Merchant/Ivory Productions has long been America's quintessential purveyor of classy "literary" films. At its best the team of director James Ivory and producer Ismail Merchant has given us A Room With a View (1986) and The Remains of the Day (1993); at its worst Slaves of New York (1989) and Jefferson in Paris (1995). No one has done more to put the works of Henry James and E.M. Forster in the multiplexes. That said, their best films have often seemed better produced than directed: I mean, give any PBS miniseries hack Emma Thompson, Anthony Hopkins, and a solid screenplay from a good book, and he might well do no worse than Ivory has. And when a Merchant/Ivory film doesn't have good source material or the right cast, like the two stiffs mentioned above -- hoo boy! -- it's likely to be insufferably plodding and stuffy.

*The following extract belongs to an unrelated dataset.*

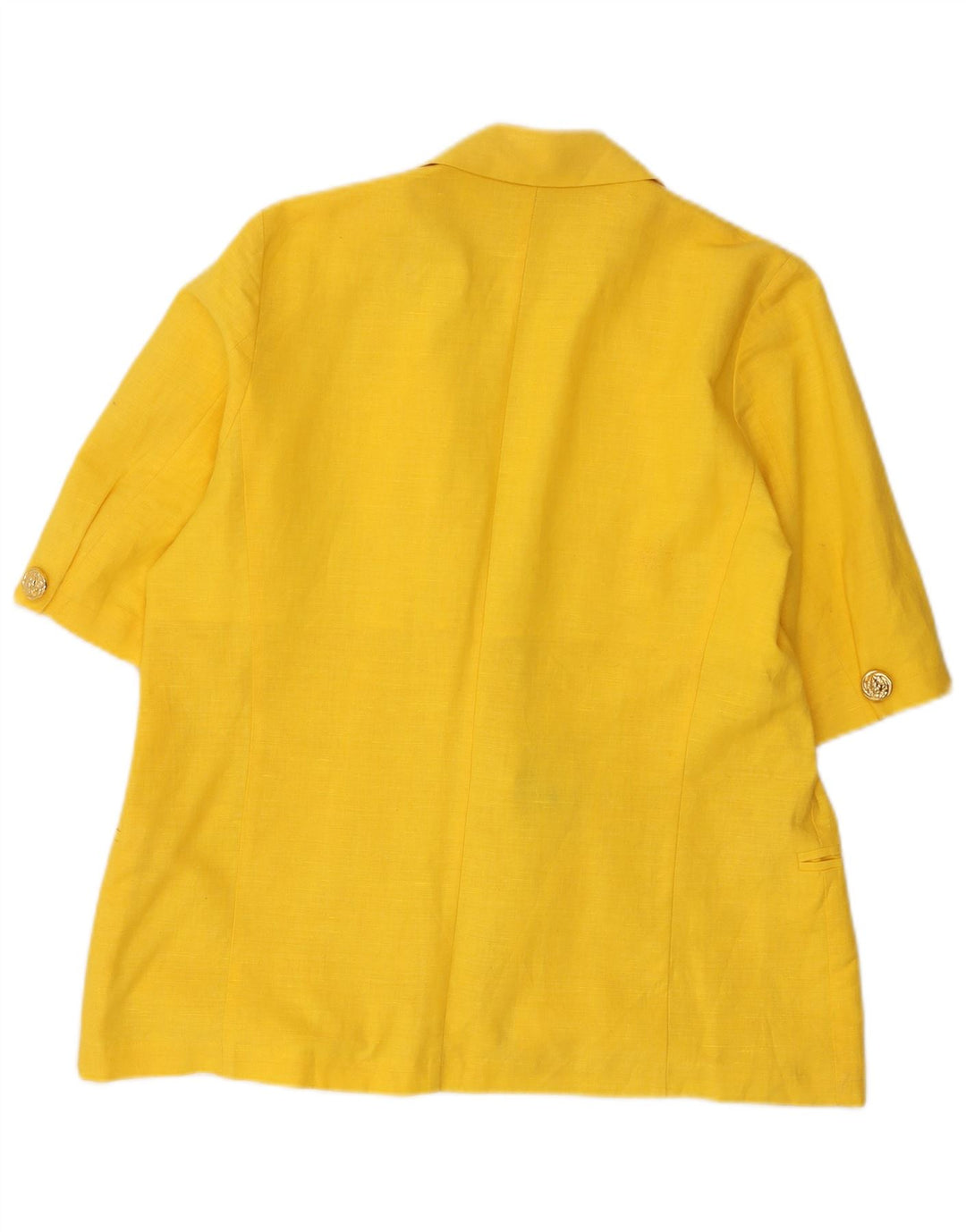 Vintage Womens Short Sleeve 1 Button Blazer Jacket UK 14 Medium Yellow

During the last decade, Merchant has finally stepped out of his producer's role and begun to direct. If Cotton Mary, his third feature, is any indication, he may be the more talented member of the team. This look at the psychological and cultural complications of a postcolonial society is wrenching and effective without resorting to easy political finger-pointing. Cotton Mary is set in Cochin, on India's Malabar Coast, in 1954, seven years after India achieved independence. Lily MacIntosh (Greta Scacchi), a holdover from colonial days, still lives in the huge house in which she grew up. Her husband, John (James Wilby), a correspondent for the BBC news, is always away chasing after a story (or a skirt), leaving the pregnant Lily and their seven-year-old daughter, Theresa (Laura Lumley), in the capable hands of Abraham (Prayag Raj), the Indian servant who has worked for Lily's family since she was a child.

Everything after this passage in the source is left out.